I feel very sorry indeed for those remaining inhabitants who face a winter of empty streets and whose settlements have become so overrun with second homes that their social life – indeed their entire quality of life – is now being affected.
Depleted populations often lack the critical mass necessary to sustain clubs and other organisations. There are no longer enough people to raise a cricket or football team, run a flower show, even ring the church bells.
And as these traditional elements of village life decline so the spark, the spirit of the community, is dimmed.
From which sentiment you may judge that I am indeed grateful that we are proposing to empower councils (finally) to tackle an issue which has already bequeathed us dozens of winter ghost villages. National park authorities and others have already taken some steps towards slowing, if not halting, the spread of second homes, but their efforts have necessarily been piecemeal. All being well, we should soon be able to adopt a far more robust approach.
The only positive I can see is that the move for more home-working has delivered the South West an injection of new blood as families have upped sticks in the suburbs and taken advantage of the property market differentials to move down. I welcome every last one of them because many have young families and all are going to be year-round residents.
We could be witnessing one of the most significant population shifts since the migration in the 19th century of thousands of poor, rural families into towns and cities in search of better-paid work.
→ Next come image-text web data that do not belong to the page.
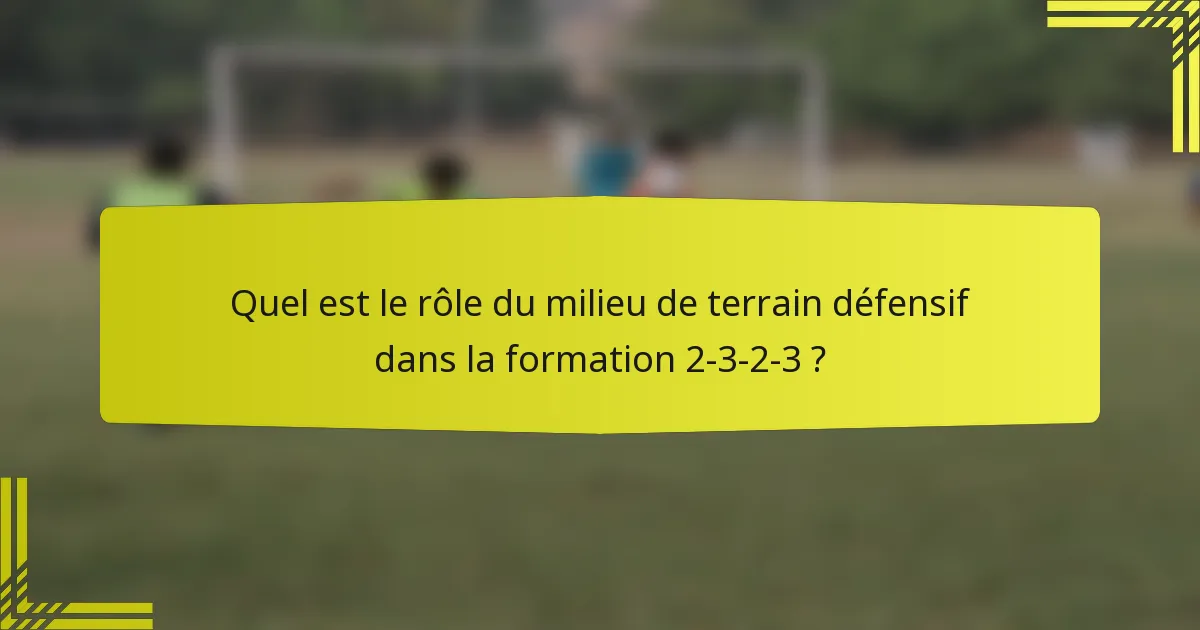 Quel est le rôle du milieu de terrain défensif dans la formation 2-3-2-3 ?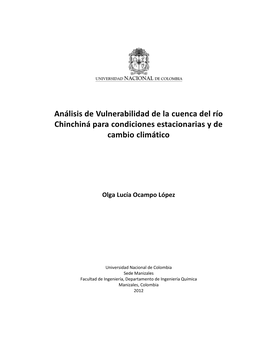 Análisis De Vulnerabilidad De La Cuenca Del Río Chinchiná Para Condiciones Estacionarias Y De Cambio Climático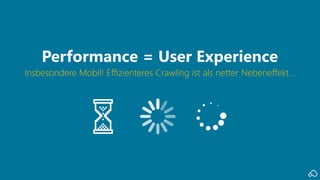 Insbesondere Mobil! Effizienteres Crawling ist als netter Nebeneffekt…
Performance = User Experience
 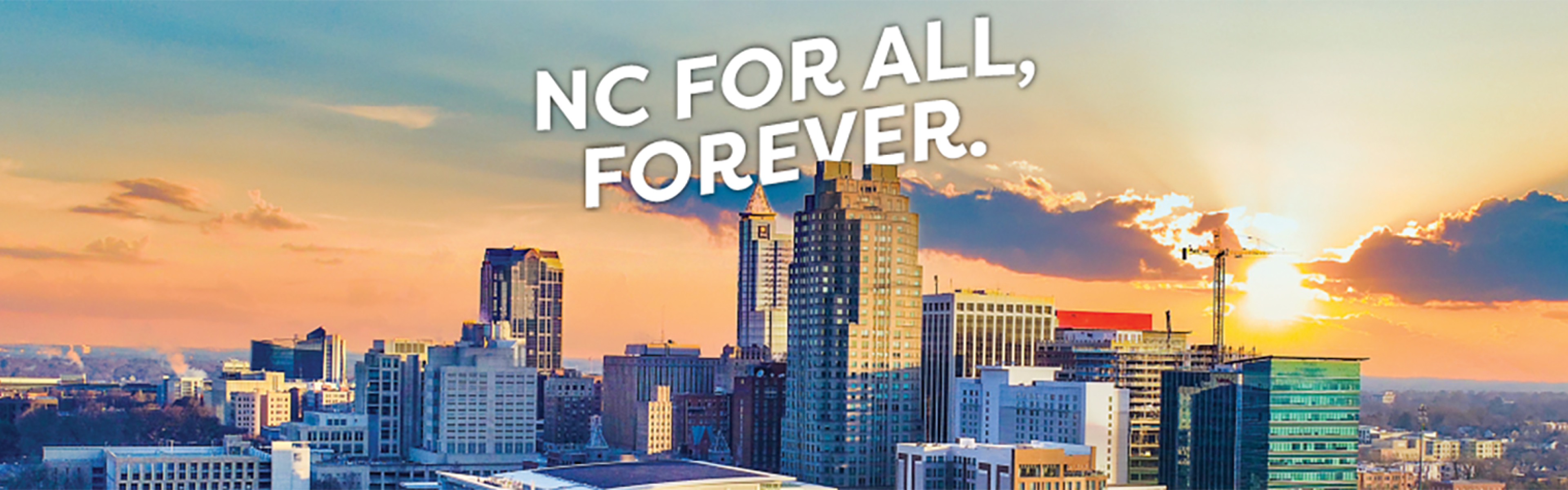 Raleigh N.C. skyline with "NC for all, forever" text.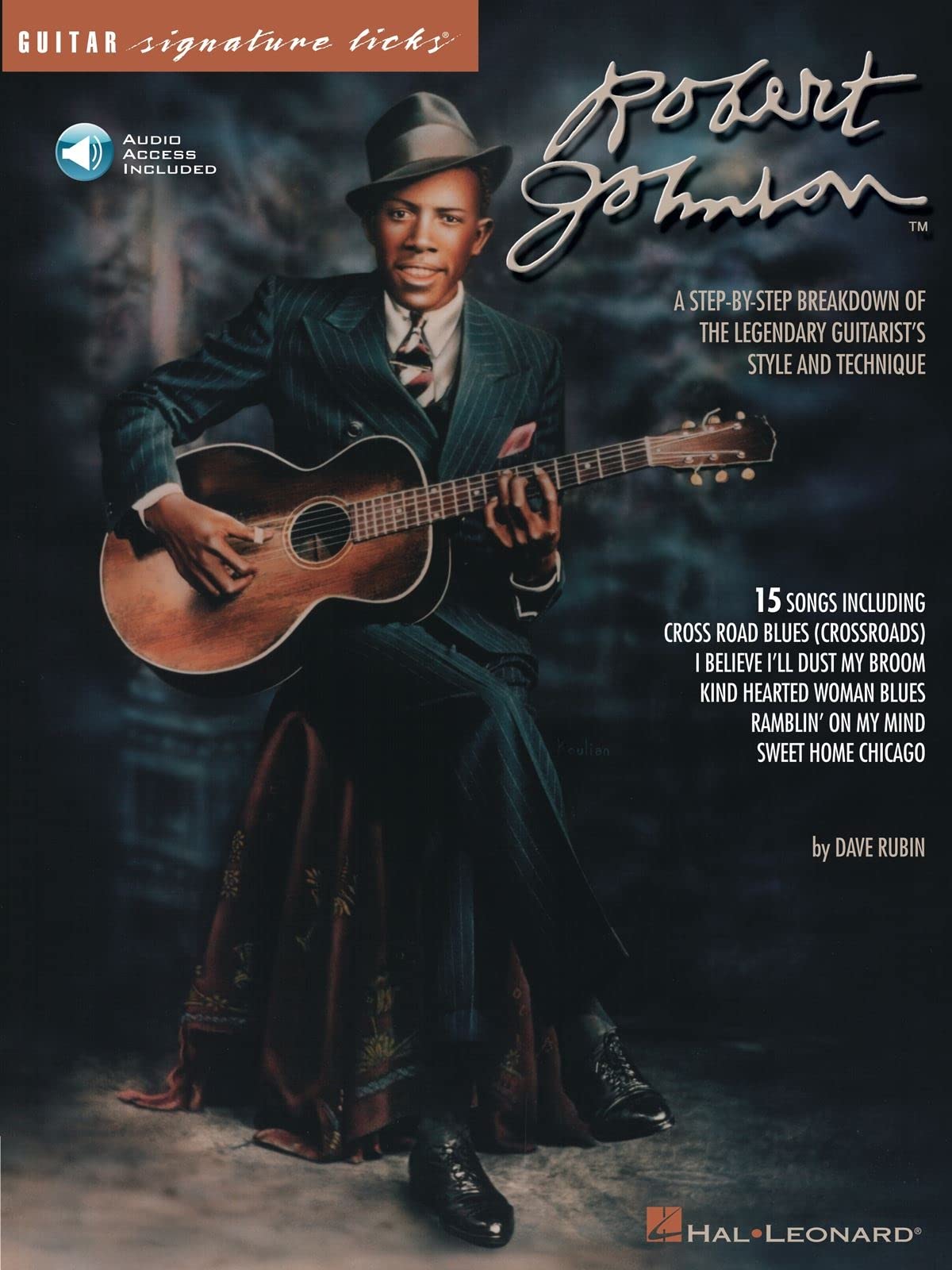 Robert Johnson - Signature Licks: A Step-by-Step Breakdown of the Legendary Guitarist's Style and Technique (Bk/Online Audio) (Guitar Signature Licks)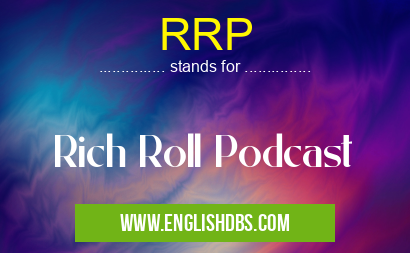 RRP means Rich Roll Podcast RRP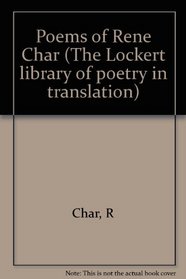 Poems of Rene Char (The Lockert Library of Poetry in Translation)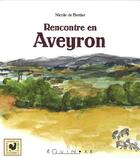 Couverture du livre « Rencontre en aveyron » de Nicole De Bertier aux éditions Equinoxe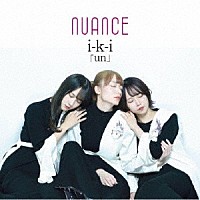ｎｕａｎｃｅ「 ｉ－ｋ－ｉ　ｕｎ」
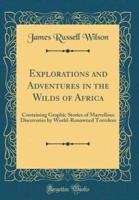 Explorations and Adventures in the Wilds of Africa
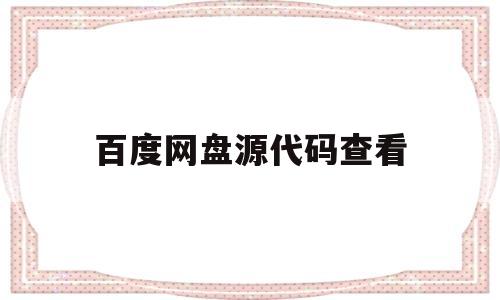 百度网盘源代码查看(百度网盘资源码怎么打开)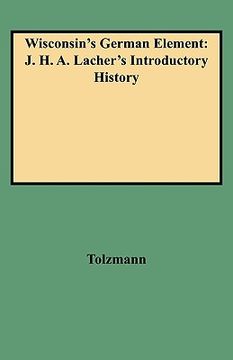 portada wisconsin's german element: j. h. a. lacher's introductory history (en Inglés)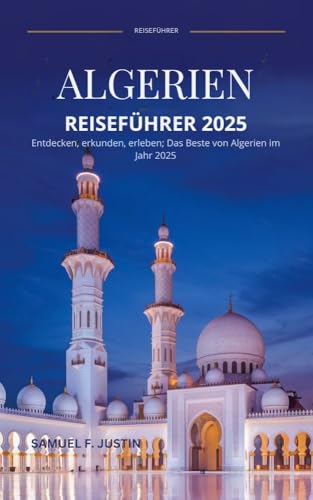 Algerien-Reiseführer 2025: Entdecken, erkunden, erleben: Das Beste von Algerien im Jahr 2025 (German Edition)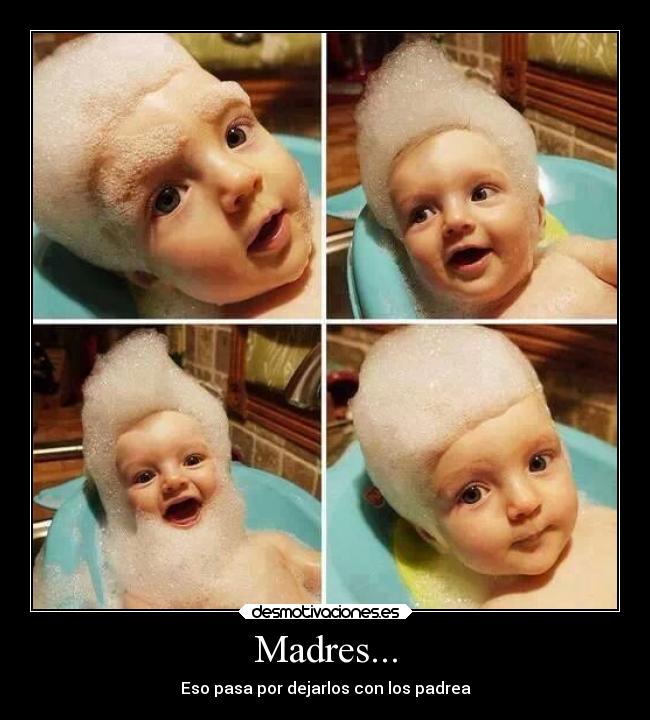 Madres... - Eso pasa por dejarlos con los padrea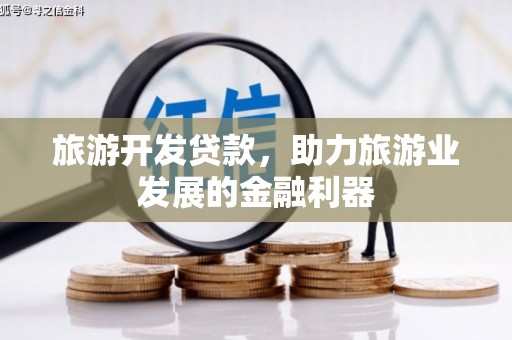 石鼓旅游开发贷款，助力旅游业发展的金融利器
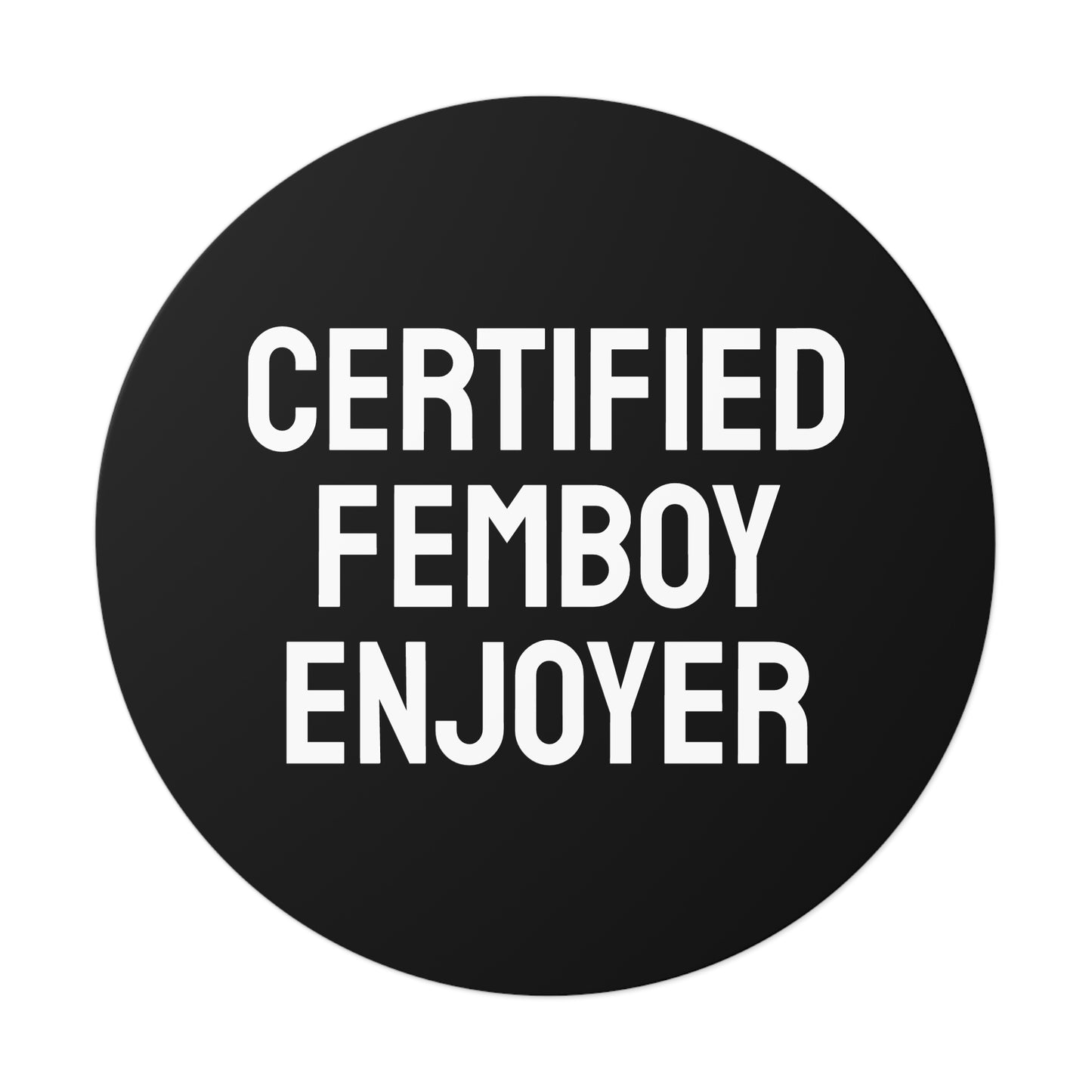 Certified Femboy Enjoyer - Round Vinyl Stickers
All we need now is to ensure that the home workers are properly serviced in terms of telecommunications, but this remains a real problem for the more rural parts of my constituency – and in several others, as I know. Millions have been spent, deadlines have been set and missed, promises made and broken, and still we are a very long way indeed from delivering decent broadband to swathes of the countryside.
I could go on, but the guilty parties know who they are and they know, equally, that my sights are permanently trained on them.